Wednesday 15 June 2022

Two decades of Gujarat riots: When narratives are distorted and grievances manufactured to create victimhood

Salim Khan, proverbial Bollywood scriptwriter of the Salim-Javed fame and father of superstar Salman Khan, once raised a pertinent question: India saw hundreds of riots, but why is Gujarat-2002 alone associated with a chief minister? “How come Narendra Modi has been singled out as the devil incarnate as if he personally carried out all the killings during the riots of 2002?” he wondered aloud.

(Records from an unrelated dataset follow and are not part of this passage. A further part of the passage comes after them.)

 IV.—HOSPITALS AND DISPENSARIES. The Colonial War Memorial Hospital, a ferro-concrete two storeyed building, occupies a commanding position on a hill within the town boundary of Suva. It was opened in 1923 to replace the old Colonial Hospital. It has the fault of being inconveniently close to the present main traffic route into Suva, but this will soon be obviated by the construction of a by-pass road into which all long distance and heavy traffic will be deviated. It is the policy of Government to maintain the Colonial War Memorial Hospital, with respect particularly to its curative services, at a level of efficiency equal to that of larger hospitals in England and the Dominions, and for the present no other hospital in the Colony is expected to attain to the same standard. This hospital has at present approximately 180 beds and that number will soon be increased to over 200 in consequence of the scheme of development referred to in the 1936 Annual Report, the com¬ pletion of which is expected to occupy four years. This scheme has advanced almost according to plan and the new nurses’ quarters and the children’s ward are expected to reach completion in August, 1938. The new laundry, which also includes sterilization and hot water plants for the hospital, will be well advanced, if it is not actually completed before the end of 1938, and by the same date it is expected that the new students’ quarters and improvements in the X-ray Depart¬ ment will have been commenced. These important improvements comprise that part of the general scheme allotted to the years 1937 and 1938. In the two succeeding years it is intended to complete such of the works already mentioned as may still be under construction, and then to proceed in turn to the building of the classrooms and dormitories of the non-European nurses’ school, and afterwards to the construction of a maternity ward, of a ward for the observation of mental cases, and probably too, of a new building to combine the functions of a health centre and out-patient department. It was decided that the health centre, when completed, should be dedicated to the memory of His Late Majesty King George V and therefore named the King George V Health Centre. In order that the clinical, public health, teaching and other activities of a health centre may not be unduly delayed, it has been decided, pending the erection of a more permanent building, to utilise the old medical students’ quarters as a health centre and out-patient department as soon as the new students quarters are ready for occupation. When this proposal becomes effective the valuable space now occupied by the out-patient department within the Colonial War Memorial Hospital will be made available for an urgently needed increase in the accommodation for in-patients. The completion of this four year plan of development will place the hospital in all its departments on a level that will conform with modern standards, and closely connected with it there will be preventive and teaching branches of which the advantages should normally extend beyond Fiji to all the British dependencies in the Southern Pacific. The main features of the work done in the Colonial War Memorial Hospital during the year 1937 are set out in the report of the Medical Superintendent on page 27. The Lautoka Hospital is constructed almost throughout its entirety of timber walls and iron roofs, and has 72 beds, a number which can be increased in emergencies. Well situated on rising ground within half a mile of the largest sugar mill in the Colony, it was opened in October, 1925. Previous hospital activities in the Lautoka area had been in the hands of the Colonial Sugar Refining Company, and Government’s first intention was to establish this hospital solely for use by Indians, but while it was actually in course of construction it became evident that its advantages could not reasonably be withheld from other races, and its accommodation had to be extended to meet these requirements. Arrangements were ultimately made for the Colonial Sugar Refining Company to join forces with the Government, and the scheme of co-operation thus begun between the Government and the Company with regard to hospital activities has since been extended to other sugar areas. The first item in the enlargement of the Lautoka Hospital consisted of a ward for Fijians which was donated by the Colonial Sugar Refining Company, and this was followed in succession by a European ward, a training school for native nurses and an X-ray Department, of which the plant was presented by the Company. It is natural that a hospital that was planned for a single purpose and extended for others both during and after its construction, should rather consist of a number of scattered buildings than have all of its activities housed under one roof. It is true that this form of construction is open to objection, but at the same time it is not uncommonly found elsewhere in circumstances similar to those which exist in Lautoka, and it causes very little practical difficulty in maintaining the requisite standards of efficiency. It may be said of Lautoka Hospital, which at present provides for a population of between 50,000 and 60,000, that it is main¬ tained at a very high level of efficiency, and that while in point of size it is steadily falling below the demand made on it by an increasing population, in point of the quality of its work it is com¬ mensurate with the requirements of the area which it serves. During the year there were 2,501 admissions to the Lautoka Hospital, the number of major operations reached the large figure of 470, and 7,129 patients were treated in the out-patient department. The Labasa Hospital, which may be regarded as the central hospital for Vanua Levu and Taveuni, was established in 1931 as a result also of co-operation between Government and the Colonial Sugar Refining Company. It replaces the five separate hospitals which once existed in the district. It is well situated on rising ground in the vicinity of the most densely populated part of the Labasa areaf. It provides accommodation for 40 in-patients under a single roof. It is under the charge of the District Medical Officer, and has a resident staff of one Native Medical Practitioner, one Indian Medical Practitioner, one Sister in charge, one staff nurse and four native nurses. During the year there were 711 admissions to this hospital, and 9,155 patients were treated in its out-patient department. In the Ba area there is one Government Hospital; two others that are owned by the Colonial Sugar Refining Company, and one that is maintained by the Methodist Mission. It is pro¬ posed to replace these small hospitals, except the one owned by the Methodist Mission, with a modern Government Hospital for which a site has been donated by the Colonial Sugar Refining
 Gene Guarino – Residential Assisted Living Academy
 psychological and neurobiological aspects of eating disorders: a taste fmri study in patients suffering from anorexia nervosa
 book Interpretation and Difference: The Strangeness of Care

Khan’s question is pertinent. Gujarat 2002 was, without doubt, a dark chapter in India’s post-Independence history, but it was neither the only one to have happened in the country since 1947, nor was it the worst of the riots. A look at the following numbers would help put the Gujarat violence in the right perspective:

• Officially, a total of 262 Hindus and 863 Muslims were killed in the Gujarat riots. This includes those who lost their lives in the police firing (though the unofficial number must be much higher, it would be enough to suggest that the victims belonged to both sides of the religious divide).

• 61 Hindus and 40 Muslims lost their lives in police firing in the first three days of the riots.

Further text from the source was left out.